TASK STATEMENT:
I'd like every line in the following listing that holds "Elephant" copied.

SOURCE MATERIAL:
--- START ---
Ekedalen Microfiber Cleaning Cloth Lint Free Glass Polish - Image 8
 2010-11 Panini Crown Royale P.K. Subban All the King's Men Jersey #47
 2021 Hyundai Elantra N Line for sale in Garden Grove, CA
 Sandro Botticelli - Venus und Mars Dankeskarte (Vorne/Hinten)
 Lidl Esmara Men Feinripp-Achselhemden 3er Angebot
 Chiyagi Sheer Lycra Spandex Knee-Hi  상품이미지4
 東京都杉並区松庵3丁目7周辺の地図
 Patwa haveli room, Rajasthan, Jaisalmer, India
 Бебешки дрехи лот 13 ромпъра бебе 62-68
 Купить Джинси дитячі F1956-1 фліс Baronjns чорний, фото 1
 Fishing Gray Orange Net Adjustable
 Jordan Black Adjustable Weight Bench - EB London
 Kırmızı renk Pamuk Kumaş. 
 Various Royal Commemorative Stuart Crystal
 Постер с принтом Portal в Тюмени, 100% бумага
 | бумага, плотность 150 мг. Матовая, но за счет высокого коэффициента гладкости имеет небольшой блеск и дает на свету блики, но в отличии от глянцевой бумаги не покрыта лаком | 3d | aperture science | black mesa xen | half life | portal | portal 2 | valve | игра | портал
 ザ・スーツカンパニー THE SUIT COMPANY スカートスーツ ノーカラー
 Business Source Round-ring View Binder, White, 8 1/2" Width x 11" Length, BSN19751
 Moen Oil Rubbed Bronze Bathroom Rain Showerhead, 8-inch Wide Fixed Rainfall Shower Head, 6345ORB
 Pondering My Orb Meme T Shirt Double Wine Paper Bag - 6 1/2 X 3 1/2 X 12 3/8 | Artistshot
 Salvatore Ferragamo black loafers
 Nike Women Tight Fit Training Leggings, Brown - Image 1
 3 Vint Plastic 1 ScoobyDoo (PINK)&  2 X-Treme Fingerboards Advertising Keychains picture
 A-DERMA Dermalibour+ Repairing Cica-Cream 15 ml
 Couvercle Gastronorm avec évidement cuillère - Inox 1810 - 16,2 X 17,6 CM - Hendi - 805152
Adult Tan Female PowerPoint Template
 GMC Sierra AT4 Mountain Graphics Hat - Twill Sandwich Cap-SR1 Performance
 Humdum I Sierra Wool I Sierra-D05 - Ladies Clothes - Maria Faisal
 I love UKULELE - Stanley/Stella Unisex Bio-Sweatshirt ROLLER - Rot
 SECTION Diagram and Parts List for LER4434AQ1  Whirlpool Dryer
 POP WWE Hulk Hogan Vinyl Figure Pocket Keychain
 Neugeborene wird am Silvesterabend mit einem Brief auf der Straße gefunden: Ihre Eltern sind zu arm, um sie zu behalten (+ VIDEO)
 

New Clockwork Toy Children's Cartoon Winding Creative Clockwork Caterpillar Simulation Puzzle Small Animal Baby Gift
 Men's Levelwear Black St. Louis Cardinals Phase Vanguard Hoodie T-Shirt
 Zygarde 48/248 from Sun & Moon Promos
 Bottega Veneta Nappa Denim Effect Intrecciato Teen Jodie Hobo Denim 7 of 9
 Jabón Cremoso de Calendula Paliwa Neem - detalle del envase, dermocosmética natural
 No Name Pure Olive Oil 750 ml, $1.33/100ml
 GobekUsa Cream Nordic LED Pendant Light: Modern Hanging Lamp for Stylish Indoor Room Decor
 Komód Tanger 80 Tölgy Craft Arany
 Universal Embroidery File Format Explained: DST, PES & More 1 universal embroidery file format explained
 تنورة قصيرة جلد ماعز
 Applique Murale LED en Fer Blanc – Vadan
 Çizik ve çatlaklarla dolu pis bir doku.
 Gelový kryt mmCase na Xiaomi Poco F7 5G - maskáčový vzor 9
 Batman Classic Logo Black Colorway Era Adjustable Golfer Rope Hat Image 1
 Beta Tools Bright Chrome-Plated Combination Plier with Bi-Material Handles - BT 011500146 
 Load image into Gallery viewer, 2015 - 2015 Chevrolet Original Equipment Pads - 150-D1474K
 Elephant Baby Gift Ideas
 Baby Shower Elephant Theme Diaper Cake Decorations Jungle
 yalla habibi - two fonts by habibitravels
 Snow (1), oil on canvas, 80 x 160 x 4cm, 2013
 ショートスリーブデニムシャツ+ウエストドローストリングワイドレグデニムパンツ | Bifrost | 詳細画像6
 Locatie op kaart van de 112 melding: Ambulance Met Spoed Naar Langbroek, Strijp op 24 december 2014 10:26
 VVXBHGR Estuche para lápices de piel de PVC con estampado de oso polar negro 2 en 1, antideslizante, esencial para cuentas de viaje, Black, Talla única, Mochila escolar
--- END ---
YOUR RESPONSE:
 Elephant Baby Gift Ideas
 Baby Shower Elephant Theme Diaper Cake Decorations Jungle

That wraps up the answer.